**AIM OF THE TASK**
Pull every line that includes the word "Hyundai" from the data.

┌────────

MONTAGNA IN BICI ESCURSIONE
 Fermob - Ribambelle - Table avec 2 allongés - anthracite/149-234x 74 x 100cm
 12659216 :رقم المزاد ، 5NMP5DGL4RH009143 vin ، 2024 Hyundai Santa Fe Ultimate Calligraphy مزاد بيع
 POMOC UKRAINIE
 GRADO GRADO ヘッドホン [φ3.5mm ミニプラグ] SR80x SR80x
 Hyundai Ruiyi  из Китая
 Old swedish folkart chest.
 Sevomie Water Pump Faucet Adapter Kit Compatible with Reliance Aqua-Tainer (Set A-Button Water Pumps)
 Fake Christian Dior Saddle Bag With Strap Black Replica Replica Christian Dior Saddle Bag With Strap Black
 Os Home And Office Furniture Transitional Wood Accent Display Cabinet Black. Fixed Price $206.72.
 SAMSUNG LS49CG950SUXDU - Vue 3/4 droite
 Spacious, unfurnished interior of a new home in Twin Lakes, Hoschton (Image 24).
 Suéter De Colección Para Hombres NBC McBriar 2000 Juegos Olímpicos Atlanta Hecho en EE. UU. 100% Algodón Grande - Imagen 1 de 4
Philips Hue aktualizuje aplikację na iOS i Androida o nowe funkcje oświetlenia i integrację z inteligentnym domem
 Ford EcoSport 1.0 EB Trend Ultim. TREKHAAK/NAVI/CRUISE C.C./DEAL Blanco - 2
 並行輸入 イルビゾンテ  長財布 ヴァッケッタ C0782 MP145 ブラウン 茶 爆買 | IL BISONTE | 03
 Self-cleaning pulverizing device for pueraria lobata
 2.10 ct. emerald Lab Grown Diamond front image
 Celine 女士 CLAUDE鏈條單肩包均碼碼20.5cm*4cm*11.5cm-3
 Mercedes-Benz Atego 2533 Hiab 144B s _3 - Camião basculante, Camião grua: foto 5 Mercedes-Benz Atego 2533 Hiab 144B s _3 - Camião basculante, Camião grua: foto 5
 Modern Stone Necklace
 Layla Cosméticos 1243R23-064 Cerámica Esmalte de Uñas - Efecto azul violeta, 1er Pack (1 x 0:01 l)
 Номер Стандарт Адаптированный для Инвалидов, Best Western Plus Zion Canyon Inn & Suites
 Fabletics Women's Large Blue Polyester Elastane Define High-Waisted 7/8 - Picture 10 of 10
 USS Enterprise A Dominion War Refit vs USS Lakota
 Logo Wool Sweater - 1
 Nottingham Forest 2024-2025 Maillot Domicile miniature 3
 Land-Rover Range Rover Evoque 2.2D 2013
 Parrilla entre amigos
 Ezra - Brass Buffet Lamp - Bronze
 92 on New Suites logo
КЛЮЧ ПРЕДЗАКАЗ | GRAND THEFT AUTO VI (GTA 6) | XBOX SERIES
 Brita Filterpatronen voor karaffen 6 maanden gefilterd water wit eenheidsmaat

└────────

**ANSWER TO THIS TASK**
 12659216 :رقم المزاد ، 5NMP5DGL4RH009143 vin ، 2024 Hyundai Santa Fe Ultimate Calligraphy مزاد بيع
 Hyundai Ruiyi  из Китая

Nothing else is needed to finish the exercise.